One of our evening church members, in her first year of university, shared this on her Facebook feed.

The yes / no facebook page provides quality content. Whilst it divides the fb community over big and small issues, I like to think that it also unites. We “react” to express our similarities and differences on important issues, such as wearing socks to bed, brushing your teeth in the shower, watching the bachelor, or having snapchat streaks (yes, yes, no, no).

However, it seems to me as if the yes / no marriage debate has become a lot more “reactive” in real life, and a lot more intolerant of the inevitable differences in opinion. I know that it is a very personal issue to many, and I don’t want to take that lightly or come across as naive. But I want to suggest that if someone disagrees with your opinion, this does not equate to dislike, or to discrimination. To be human is to be different, so conversations regarding ANY yes / no debate should be based on respect and tolerance.

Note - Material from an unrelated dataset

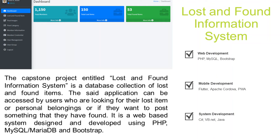Hello everyone, welcome to another free capstone project idea presented by our team, entitled Lost and Found Information System. Please don't forget to subscribe and click the notification bell to receive free updates.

The marriage yes / no debate isn’t trivial. It’s complex and it’s significant. There are legal, ethical, social and religious factors associated. But this debate is not based on the legal and human rights of adults. It’s based on changing a definition to validate adult affection and connection. If validation was all marriage stood for, then in a secular society, by all means we should have same sex marriage. Except marriage is more than validation. Marriage is an institution that upholds the belief that gender, biology and stability matter to raising children. It supports the belief that a child deserves the right to a mother and a father. So fundamentally, this debate regards the human rights of children. By making marriage genderless, parenthood consequently becomes legal rather than biological. Children with same sex parents can absolutely experience loving parent relationships, but they will still be denied the right to a mother or father. Before you argue that same sex couples can already ‘parent’, the difference is that legalising same sex marriage normalises this parenting. It makes children a political commodity adults own, rather than a biological product of a sexual union.

By holding this opinion, I’m not saying same sex relationships are any less loving, or that my homosexual friends would make any worse parents than my heterosexual friends. In a lot of cases, they would probably make better parents. But I believe in the right children have to a mother and a father, and it is the responsibility of all adults to uphold this right. Because if we don’t, who will?

I know writing a post like this is controversial or that I could come across as a bigot. But for a yes / no debate, there’s a lot at stake, and it’s worth discussing openly, respectfully and lovingly.